One of the viscoelastic members 6 interposed between the two support members 1 and 5 receives the shearing force due to the relative displacement of the two support members 1 and 5 in the direction orthogonal to the axis. ,Five
And the other viscoelastic member 7 interposed between the first support member 1 and the third support member 5 or the other between the second support member 3 and the third support member 5 Means two support members
A three-axis control viscoelastic damper is formed by connecting two support members 3 and 5 to receive a shearing force due to the relative displacement in the axial direction of 3,5. , Y,
A three-axis control type viscoelastic damper capable of suppressing three-dimensional vibration of Z can be provided.
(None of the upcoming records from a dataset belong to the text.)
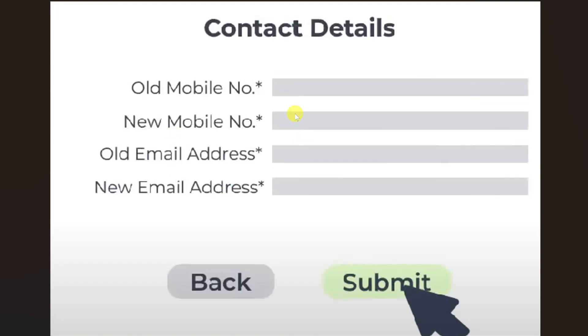So that is how you can change your mobile number in Security Bank app. I hope this video was helpful. Please like this video and subscribe to my channel.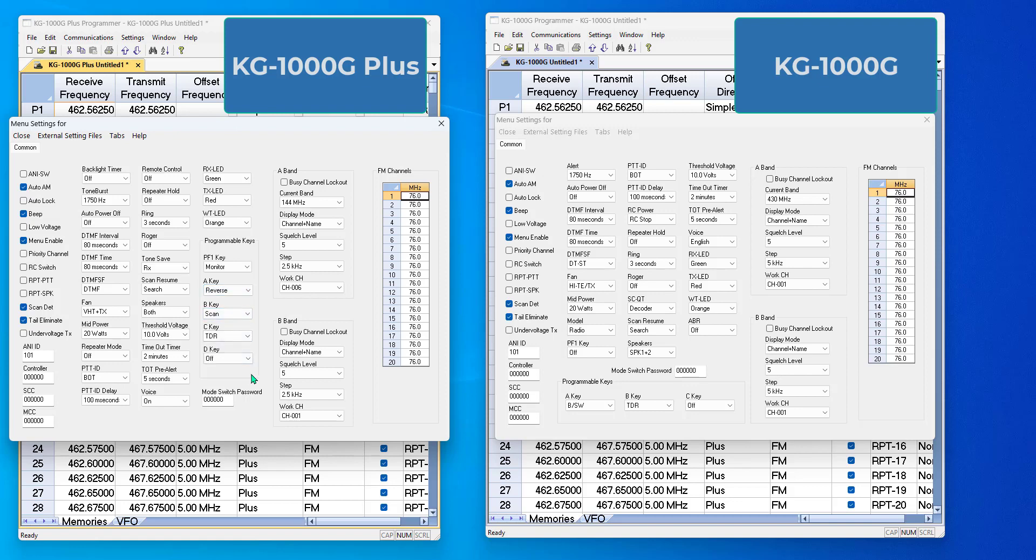Again, you won't hurt anything, you just won't get the performance you're looking for. So use the right programmer for your radio, so you know everything matches up.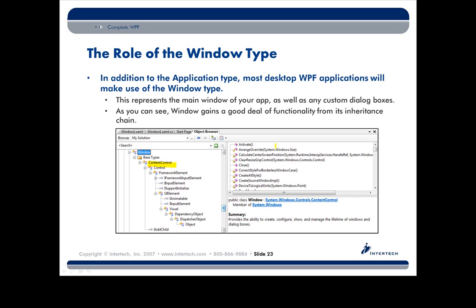Now usually, when we think about content of a control, things are very kind of vanilla flavored, right? A button has string data as content. A list box has a collection of strings as list items. Well, with this idea of content, you can plug inside of a control whatever you want to put there.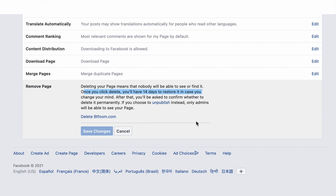If you're not sure yet and you just want to take your page out of the public eye, you can click the Unpublish button, which will unpublish your page and remove it from public view, but admins would still have access to your page.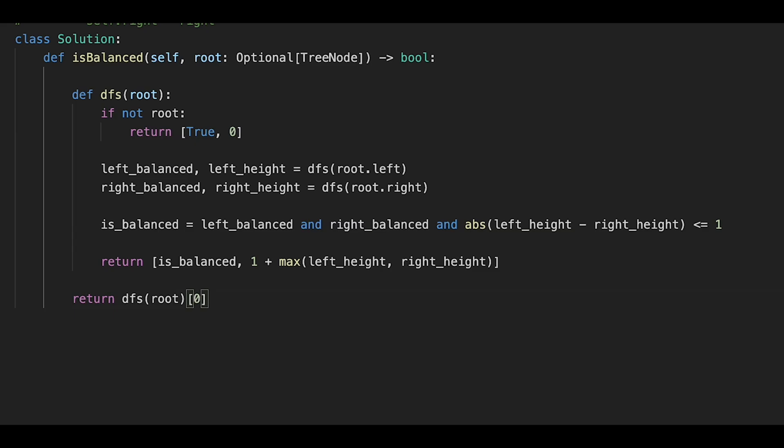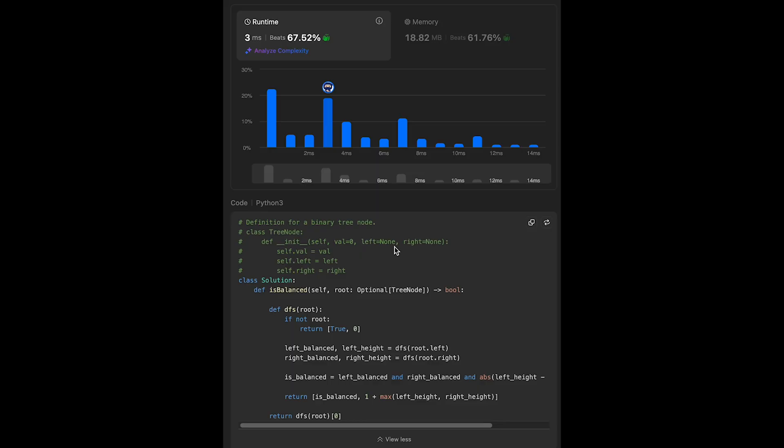After submitting — looks good. The time complexity of this solution is O(n), where n is the number of nodes in the tree. The space complexity is also O(n), because in the worst case, like a skewed tree, the recursive depth is O(n). That's all for today — please support me with a comment and a like, and I'll see you in the next question.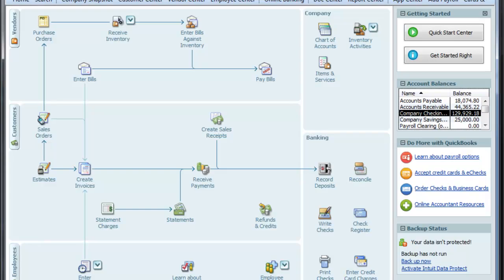So this is demonstrating QuickBooks Enterprise. Video number two is a general overview of QuickBooks Enterprise. We'll go ahead and open QuickBooks now and take you to the home page. The home page is broken up into logical sections — this is a nice, easy mapping of what QuickBooks offers.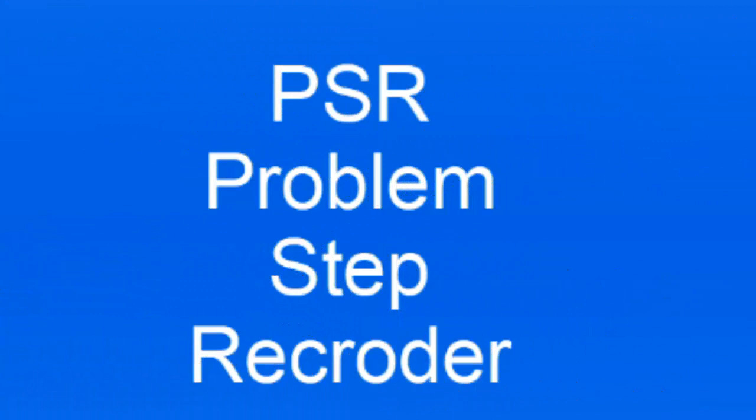This series continues as I will be showing you one of the best features that you can benefit from when working with Microsoft Windows 7, 8, or 10. This feature is called PSR, which stands for Problem Step Recorder.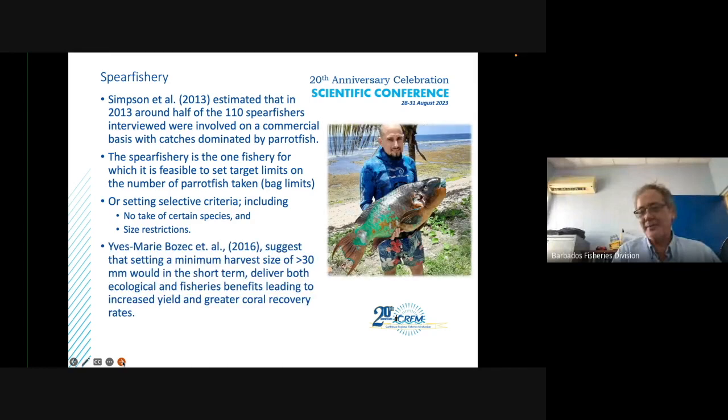An image is shown of a large parrotfish taken off Martins Bay on the east coast of Barbados — an anomaly, but it demonstrates that large individuals still exist, not necessarily on the west and south coast reefs.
In addition, when the vibration damping target is slowly displaced due to thermal expansion and thermal contraction, the reaction force applied to the vibration damping target is small, does not adversely affect it, the structure is relatively simple, the manufacturing cost is low, Moreover, there is an effect that a durable damper can be provided.
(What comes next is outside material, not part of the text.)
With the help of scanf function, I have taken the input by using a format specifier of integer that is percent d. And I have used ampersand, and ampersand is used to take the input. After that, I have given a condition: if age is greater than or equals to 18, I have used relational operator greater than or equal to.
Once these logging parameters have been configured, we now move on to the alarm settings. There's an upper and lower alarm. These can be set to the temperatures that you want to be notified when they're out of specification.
[Brief description of the drawings]

The drawings show an embodiment of the present invention. FIG. 1 is a front view of a damper according to the present invention, FIG. 2 is a sectional view taken along the line II-II in FIG. 1, and FIG. 3 is a sectional view taken along the line III-III in FIG. It is. DESCRIPTION OF SYMBOLS 1 ... 1st support member, 2 ... Mounting seat, 3 ... 2nd support member, 4 ... Band, 5 ... 3rd support member, 6, 7
... Viscoelastic members, 8, 9, 10, 11 ... Shear plates, 10 ... Dampers, P ... Pipes (to be damped), S ... Walls (supports).

Claims (1)

(57) [Claims] 1. A damper interposed between an object to be damped and a support such as a structure supporting the damper, wherein the first support member is connected to the support or the object to be damped; A second support member connected to the vibration damping target or the support, a third support member interposed between the first support member and the second support member via a viscoelastic member, respectively; The viscoelastic member is made of a solid that deforms slowly and elastically recovers according to the strength of the shearing force, while rapidly deforming and maintains the deformed state, One of the viscoelastic members interposed between the member and the third support member or between the second support member and the third support member is a relative member of the two support members in the direction orthogonal to the axis. The first support member and the third support portion are coupled to the two support members so as to receive a shear force by the displacement. Or between the second
The other viscoelastic member interposed between the supporting member and the third supporting member is coupled to the two supporting members so as to receive a shearing force due to an axial relative displacement of the two supporting members. A three-axis control type viscoelastic damper.